My grandpa is a great watercolor painter, and my dad knows his way around a pencil and sketchpad, too, so I’ve always wondered if that artistic gene made its way into my system. I’ve long harbored a secret thought about my potential painting prowess which, embarrassingly, is most aptly expressed by one Lady Catherine de Bourgh: “If I had ever learnt, I should have been a great proficient.”And so, in a fit of creative optimism, I purchased a set of watercolors, a slew of brushes and some blocks of the very best paper and set about becoming the proficient I knew I could be.

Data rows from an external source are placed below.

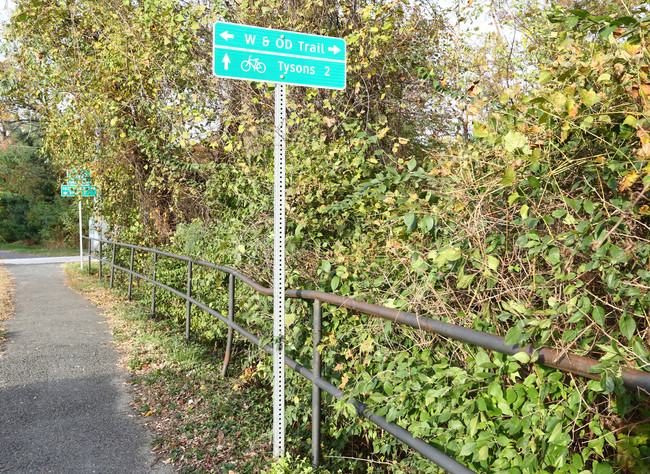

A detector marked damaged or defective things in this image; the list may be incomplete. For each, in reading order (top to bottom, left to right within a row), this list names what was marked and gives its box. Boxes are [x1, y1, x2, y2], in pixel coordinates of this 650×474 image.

rusty metal rail [81, 235, 648, 472]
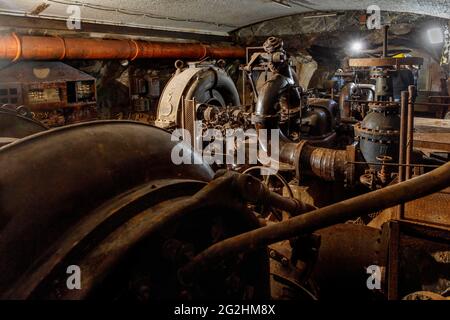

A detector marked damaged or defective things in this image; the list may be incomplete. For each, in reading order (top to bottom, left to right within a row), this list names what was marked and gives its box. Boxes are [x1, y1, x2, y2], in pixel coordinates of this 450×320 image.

rusty metal surface [0, 33, 246, 60]
rusty horizontal pipe [0, 33, 246, 61]
rusty metal surface [0, 121, 214, 296]
rusty horizontal pipe [179, 160, 450, 282]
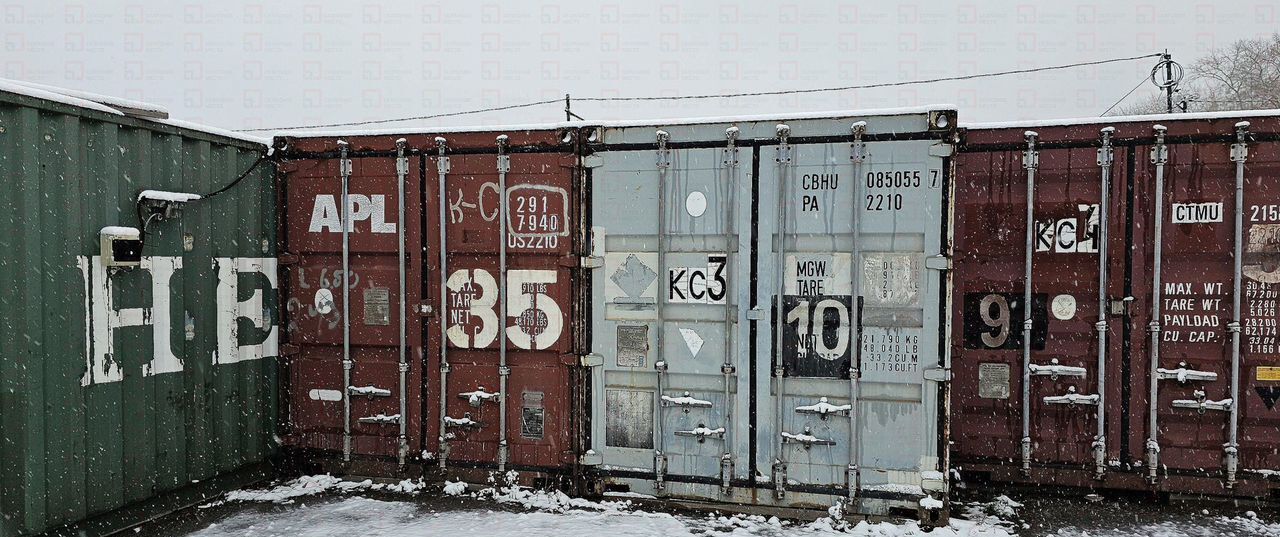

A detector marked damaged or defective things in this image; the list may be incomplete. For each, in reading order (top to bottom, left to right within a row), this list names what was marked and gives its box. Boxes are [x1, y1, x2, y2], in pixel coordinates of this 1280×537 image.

rusty shipping container [0, 84, 278, 536]
rusty shipping container [278, 125, 588, 482]
rusty shipping container [584, 108, 956, 520]
rusty shipping container [956, 110, 1280, 498]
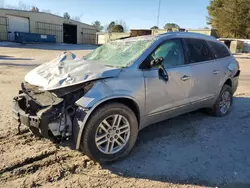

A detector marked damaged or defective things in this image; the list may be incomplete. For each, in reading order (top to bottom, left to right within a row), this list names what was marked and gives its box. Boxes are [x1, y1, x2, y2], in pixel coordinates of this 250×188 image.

crumpled hood [24, 51, 121, 90]
shattered windshield [83, 38, 153, 67]
front bumper damage [12, 81, 93, 145]
damaged front end [12, 81, 94, 141]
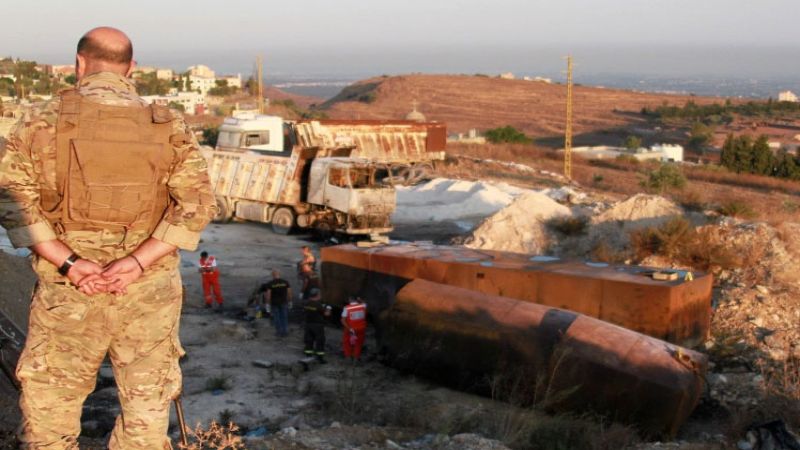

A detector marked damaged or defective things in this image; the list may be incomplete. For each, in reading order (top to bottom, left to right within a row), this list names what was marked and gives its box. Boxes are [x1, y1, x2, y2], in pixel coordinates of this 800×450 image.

Sometimes it’s easy to forget how much practice goes into being good at something.
Since first setting brush to paper, I’ve managed to create some happy little cacti and a few not-so-terrible peonies, but the only thing I’ve really mastered is the humble paint swatch. I could sit for hours and hours, loading my brush with paint, dipping it in water and tracing square after square on the toothy paper. And you know what? I find them really beautiful. The simple shapes let the color and texture of the paint shine through.
Because I’ve come to love the paint swatch (actually, my love is long-standing; I used to beg my mom to let me collect a small mass of paint chips anytime we took a trip to Home Depot as a kid), I figured: what better way to add color to my day—and desk—than swiping some color across the top of a homemade calendar. It’s a simple and very satisfying project that is easily completed in front of your current favorite TV show.
For this project, you’ll need the following:
• good watercolors (I use Winsor & Newton)*
• a big ol’ watercolor brush (I love this one in a size 16)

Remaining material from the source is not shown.